Work & Energy of disc on conveyor belt

[jjiimmyy101]

Problem: The coefficient of kinetic friction between the 100 lb disk and the surface of the conveyor belt is 0.2. If the conveyor belt is moving with a speed of 6 ft/s when the disk is placed in contact with it determine the number of revolutions the disk makes before it reaches a constant angular velocity.

So this is what I have so far:

At state 1: T1 = 1/2 * m * V^2 + 1/2 * Ig * $$\omega^2$$


Work done from state 1 to state 2: U = Moment * $$\theta$$

Moment = friction *(0.5) = (0.2)*(100)*(0.5)

At State 2: I get stuck right here. Don't I have to know how far the disk travels to be able to calculate velcocity at state 2 and so on.

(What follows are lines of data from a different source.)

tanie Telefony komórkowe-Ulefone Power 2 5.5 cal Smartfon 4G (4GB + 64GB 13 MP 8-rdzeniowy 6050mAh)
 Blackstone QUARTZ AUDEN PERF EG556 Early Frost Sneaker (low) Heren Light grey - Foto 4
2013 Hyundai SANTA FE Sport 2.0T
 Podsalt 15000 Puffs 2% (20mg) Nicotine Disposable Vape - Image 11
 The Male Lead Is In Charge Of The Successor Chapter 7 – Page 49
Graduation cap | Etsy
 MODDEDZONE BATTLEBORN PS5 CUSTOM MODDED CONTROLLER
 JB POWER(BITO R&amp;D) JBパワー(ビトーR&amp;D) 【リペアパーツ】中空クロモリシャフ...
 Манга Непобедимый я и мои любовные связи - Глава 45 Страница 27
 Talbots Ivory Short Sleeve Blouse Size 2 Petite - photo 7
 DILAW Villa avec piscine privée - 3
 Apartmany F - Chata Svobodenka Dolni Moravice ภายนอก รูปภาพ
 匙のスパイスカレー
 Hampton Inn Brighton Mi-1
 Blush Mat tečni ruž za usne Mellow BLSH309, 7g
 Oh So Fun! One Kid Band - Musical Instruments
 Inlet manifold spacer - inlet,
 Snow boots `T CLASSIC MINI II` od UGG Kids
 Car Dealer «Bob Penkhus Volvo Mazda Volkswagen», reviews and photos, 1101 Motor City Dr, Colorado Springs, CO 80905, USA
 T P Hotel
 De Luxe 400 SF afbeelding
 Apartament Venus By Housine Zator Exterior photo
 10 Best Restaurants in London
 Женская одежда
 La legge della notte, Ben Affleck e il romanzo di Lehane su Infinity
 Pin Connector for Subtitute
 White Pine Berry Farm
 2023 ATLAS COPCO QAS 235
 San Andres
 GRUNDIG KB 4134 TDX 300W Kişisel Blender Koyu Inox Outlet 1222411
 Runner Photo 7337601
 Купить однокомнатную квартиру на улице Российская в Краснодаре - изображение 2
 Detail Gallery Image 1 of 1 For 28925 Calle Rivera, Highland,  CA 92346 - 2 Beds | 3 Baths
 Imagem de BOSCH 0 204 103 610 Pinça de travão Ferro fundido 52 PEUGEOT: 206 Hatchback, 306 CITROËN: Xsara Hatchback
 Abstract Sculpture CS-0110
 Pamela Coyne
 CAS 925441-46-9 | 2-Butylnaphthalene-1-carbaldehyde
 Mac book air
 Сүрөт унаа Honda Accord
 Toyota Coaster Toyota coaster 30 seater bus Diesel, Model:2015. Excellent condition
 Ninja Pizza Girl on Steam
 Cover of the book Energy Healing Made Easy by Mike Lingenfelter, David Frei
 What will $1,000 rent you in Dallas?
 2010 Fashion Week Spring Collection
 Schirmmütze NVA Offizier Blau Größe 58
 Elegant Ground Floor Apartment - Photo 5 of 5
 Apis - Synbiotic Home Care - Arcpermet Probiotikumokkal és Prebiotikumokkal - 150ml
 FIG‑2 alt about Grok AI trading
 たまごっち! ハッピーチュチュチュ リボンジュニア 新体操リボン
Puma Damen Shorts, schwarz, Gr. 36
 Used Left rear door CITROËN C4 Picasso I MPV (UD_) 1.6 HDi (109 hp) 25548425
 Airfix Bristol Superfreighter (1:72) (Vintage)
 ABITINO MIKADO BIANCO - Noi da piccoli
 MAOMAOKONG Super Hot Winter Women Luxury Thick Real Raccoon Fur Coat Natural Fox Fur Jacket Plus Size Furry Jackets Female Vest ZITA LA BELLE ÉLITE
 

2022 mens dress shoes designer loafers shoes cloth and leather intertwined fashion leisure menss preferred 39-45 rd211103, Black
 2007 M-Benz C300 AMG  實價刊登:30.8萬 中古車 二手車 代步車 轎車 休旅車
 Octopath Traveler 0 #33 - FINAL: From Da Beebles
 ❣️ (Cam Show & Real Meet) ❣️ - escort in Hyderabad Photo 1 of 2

Any pointers would be appreciated.

 

[jjiimmyy101]

anyone?

 

[arildno]

Okay:
1) The kinetic friction will stop acting once the CONTACT POINT on the disk has achieved the velocity of the conveyor belt (no relative motion!)
2) Use Newton's 2.law to determine the velocity of the center of mass as a function of time.
3) Calculate the torque of the frictional force with respect to the center of mass, and gain an expression for the disk's angular velocity as a function of time.
4) The contact point velocity is given by the rigid body motion formula; use this to determine the time at which the contact point achieves the conveyor belt velocity.
5) Use this time to determine the number of revolutions.